### Settlement Value

At mediation, parties often struggle with how to value their case for settlement. While the parties may have an idea of what a case may be worth for trial, things get trickier as to what the case is worth for settlement purposes.

Settlement value should take into account the risk of an adverse or lesser result. The whole purpose of a settlement is to resolve the case now to avoid the future risk of an unfavorable result and the expense and time needed for a trial.

### The Traditional Mediation Negotiation

Rather than objectively calculating risk and the costs for a future trial, many parties begin their mediation negotiations with a value that represents their best day in court. These opening moves at mediation are often extreme anchors with very high demands and very low offers. In this typical mediation scenario, the opening divide between the two offers is often very large. This represents the start of traditional positional bargaining and its negative baggage.

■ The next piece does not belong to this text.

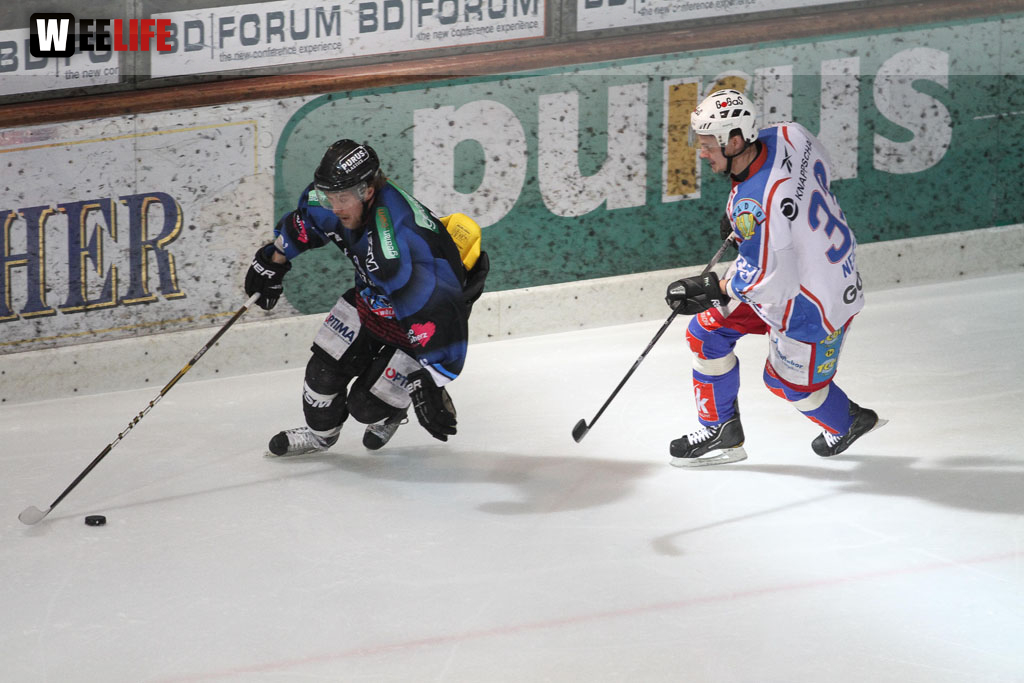 Selber Wölfe - EHC Dortmund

The negative baggage from positional bargaining includes initial anger over the extreme positions and the endless and seemingly arbitrary small concessions each side makes until they hope to meet in the middle. Many parties feel the whole process is like haggling at a bazaar. Given the extreme anchoring from the start, the parties feel that each concession is a personal loss, further fueling agitation, confusion, and frustration.

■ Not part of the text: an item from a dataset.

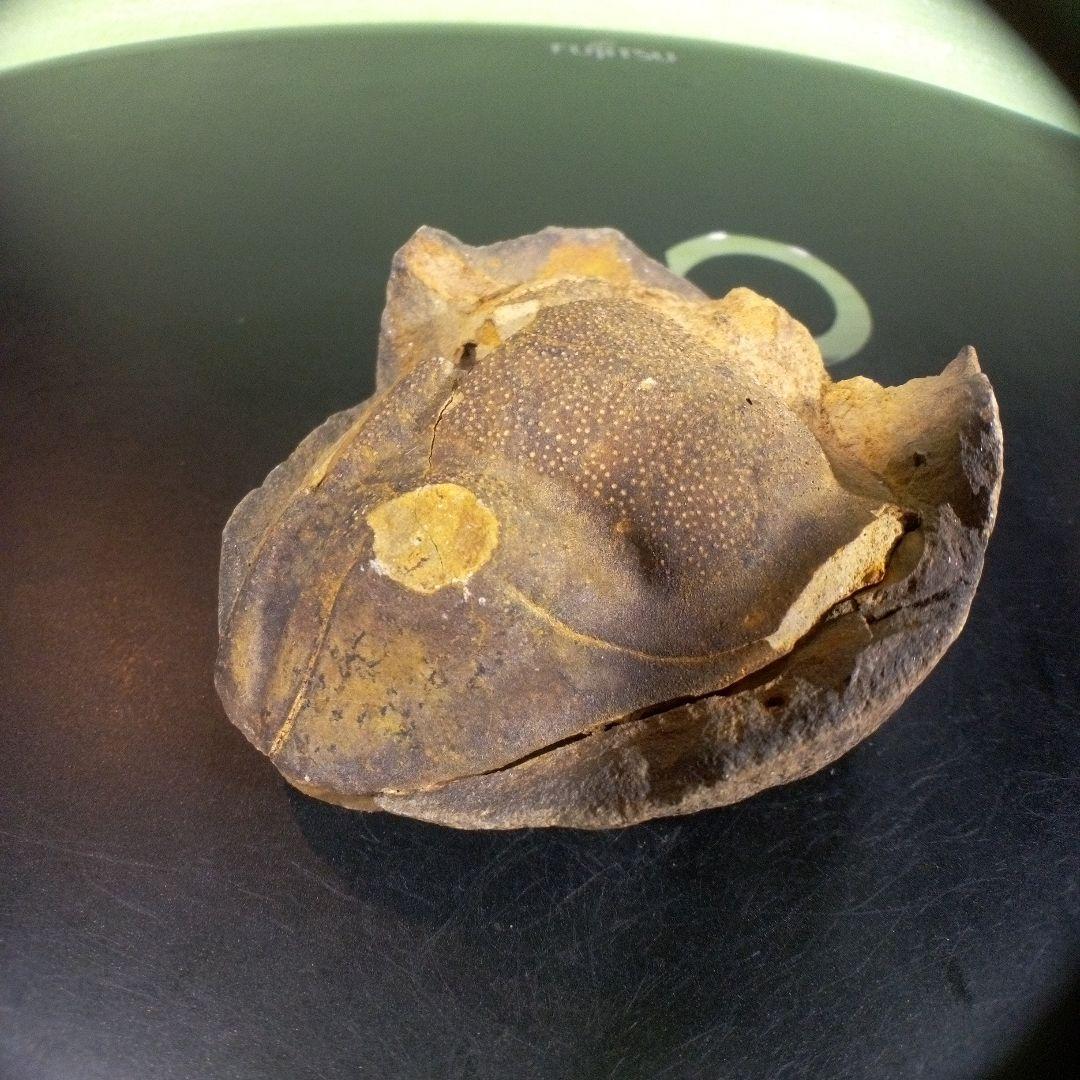 三葉虫　化石　fossil　ボリビア　trilobite　海生動物　三葉虫識別⑦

### Negative Consequences for the Traditional Mediation Negotiation

Clients and lawyers often have vague hunches regarding expected outcomes and costs. Expected outcomes may only be a range of percentages at which they think recovery will occur. Also at play is that clients and lawyers can be overly confident in their positions, resulting in a natural bias in increasing their expected outcome predictions.

Without advance risk and cost assessment, clients and lawyers may only be guessing at possible outcomes and recovery. In this instance, settlement offers are compared to vague, overconfident beliefs and feelings. An otherwise good settlement offer is rejected when it may yield a better result for the client. The client continues with litigation, expends additional resources, and does worse at trial than what could have been had a mediation. We now have an unhappy client and an unhappy lawyer.

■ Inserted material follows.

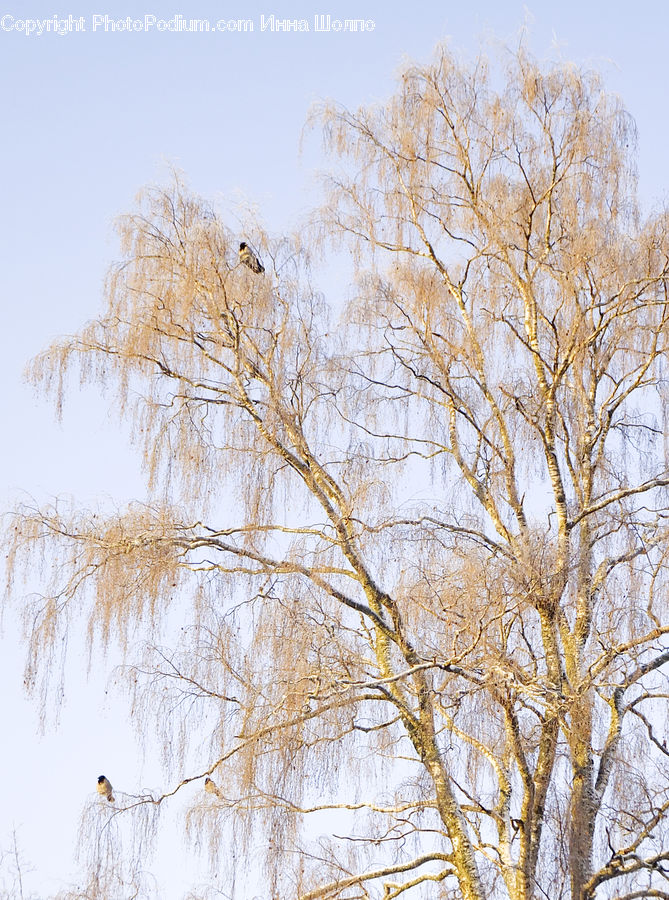 Birch, Tree, Wood, Field, Grass, Grassland, Plant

### The Case for Risk-Adjusted Value

There can be a better way. Rather than playing the traditional positional bargaining game at mediation, I suggest the parties calculate the risk-adjusted value for their case. The risk-adjusted value will mathematically account for the risk of the future trial, its probable outcomes, and the costs of having the trial.

The risk-adjusted value of the case can then be used as an objective guide for the parties to consider, make, and weigh offers at mediation. With this additional information, the parties are empowered to make informed decisions based on probability and risk, so they are not guessing or haggling at mediation.

The risk and cost assessment is an objective math-based tool. The elements of an objective risk and cost assessment evaluation include a simple probability calculation for expected outcomes and a total of all tangible and intangible costs for continued litigation.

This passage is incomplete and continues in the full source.